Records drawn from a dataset
════════════════════

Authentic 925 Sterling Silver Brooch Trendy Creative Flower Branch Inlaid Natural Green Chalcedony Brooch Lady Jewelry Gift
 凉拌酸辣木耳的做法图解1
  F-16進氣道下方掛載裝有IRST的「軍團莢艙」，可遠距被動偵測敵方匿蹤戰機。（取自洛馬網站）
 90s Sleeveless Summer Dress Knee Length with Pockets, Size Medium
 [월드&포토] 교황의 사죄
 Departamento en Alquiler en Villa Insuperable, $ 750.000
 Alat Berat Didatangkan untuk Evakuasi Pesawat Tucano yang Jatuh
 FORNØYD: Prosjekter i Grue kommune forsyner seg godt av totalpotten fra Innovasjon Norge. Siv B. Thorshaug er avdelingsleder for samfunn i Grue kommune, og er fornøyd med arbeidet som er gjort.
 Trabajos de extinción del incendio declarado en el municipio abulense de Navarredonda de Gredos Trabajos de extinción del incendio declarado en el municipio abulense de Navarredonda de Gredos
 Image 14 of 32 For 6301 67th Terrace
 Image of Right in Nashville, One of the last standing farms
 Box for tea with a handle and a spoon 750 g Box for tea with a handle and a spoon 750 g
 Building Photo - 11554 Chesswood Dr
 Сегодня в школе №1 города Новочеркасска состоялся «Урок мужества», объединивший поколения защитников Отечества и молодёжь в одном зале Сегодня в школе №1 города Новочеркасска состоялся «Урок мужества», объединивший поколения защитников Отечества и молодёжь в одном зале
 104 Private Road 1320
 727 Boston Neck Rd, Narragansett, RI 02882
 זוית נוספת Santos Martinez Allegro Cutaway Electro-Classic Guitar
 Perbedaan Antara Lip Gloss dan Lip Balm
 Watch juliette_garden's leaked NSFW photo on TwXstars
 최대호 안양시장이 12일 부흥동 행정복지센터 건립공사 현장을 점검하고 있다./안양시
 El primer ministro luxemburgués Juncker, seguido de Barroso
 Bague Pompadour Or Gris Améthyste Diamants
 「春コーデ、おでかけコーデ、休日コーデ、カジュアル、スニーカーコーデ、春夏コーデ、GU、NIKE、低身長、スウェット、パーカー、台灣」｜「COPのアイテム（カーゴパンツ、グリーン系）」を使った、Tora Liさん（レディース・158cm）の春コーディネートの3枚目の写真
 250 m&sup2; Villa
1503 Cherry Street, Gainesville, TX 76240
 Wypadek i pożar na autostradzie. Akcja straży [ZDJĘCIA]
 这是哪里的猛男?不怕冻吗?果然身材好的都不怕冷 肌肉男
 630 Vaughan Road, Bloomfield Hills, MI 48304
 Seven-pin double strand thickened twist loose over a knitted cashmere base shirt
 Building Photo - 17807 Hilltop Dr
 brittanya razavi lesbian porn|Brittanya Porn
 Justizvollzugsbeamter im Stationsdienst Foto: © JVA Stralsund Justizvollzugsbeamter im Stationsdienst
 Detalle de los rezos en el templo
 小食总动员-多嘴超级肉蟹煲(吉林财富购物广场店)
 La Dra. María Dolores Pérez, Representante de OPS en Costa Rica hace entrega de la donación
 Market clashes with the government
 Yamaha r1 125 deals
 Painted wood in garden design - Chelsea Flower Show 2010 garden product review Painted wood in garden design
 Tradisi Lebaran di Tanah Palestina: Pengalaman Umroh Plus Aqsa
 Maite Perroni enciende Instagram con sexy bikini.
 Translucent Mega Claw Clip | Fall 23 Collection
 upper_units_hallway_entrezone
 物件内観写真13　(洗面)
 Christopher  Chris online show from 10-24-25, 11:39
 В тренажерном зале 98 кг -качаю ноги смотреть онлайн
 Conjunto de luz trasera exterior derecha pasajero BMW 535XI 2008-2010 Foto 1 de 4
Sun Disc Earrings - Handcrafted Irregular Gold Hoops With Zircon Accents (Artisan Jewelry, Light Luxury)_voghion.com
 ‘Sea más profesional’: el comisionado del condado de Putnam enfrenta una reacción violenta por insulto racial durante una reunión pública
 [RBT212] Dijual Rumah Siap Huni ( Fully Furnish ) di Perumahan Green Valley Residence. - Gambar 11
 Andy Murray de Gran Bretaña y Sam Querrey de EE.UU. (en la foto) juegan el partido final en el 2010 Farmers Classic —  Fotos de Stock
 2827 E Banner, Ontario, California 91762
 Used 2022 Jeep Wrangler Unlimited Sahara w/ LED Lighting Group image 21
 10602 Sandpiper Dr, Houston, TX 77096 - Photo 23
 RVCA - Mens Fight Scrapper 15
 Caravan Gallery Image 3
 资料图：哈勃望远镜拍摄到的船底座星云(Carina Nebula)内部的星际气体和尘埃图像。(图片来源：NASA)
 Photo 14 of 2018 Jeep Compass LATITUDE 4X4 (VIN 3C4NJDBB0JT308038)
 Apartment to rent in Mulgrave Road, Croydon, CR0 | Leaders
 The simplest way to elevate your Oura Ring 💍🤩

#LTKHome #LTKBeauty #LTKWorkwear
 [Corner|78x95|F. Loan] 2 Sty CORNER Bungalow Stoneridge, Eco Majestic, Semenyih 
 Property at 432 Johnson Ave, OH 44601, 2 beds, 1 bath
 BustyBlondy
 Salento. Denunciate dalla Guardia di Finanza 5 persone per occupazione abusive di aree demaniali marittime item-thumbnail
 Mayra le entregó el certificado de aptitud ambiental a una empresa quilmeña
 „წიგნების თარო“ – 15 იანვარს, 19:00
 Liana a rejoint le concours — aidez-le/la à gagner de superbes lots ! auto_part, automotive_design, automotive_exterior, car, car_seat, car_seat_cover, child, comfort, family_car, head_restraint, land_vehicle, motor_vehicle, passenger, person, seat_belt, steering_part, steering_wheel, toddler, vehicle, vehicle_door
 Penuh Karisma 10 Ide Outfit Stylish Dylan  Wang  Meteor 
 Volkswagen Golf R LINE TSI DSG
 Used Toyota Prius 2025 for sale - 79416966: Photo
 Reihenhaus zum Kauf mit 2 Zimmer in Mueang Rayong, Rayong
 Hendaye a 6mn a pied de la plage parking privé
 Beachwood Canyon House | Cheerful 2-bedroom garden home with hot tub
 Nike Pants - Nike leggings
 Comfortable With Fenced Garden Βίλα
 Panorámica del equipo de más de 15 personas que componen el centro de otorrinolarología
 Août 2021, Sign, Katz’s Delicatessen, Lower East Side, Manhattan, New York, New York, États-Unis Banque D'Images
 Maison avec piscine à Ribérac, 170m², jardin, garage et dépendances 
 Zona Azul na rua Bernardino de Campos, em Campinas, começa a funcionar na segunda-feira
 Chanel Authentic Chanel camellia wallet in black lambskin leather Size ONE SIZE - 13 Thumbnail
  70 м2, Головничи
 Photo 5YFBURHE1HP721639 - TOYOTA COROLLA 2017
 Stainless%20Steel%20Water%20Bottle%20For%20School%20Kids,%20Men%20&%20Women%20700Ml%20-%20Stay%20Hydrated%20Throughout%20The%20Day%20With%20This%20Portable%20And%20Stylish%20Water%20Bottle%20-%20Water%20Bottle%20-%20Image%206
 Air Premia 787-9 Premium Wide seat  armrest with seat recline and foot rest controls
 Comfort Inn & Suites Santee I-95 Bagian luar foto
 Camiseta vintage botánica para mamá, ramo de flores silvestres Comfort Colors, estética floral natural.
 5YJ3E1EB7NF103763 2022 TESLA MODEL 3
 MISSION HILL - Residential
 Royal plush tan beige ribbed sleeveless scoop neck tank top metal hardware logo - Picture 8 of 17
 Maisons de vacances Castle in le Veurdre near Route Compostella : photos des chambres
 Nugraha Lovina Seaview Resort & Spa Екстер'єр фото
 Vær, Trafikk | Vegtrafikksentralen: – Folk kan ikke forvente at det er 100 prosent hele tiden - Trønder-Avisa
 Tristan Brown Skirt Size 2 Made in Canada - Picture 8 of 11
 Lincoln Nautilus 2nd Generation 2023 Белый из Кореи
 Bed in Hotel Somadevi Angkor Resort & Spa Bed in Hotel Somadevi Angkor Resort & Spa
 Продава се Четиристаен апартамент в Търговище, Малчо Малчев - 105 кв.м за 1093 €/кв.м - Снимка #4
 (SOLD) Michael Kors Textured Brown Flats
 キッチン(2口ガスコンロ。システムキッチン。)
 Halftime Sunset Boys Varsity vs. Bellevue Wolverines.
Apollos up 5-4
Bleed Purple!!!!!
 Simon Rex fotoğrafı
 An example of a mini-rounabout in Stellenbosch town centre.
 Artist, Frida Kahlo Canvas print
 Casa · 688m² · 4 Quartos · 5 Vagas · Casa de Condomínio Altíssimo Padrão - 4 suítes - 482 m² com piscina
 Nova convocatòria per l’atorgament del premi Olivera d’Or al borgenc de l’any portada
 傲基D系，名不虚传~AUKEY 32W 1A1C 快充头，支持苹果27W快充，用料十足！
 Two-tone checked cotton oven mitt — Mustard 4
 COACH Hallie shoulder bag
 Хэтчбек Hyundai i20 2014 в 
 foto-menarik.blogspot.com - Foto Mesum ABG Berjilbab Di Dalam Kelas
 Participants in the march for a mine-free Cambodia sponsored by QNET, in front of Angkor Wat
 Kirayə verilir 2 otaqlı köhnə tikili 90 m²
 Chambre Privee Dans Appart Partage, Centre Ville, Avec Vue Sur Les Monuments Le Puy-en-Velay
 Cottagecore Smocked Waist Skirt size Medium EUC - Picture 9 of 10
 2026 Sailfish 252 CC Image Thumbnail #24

════════════════════

→ **THE TASK**:
Copy out every line of the data that includes "Angkor".

→ **SOLUTION FOR THIS EXERCISE**:
 Bed in Hotel Somadevi Angkor Resort & Spa Bed in Hotel Somadevi Angkor Resort & Spa
 Participants in the march for a mine-free Cambodia sponsored by QNET, in front of Angkor Wat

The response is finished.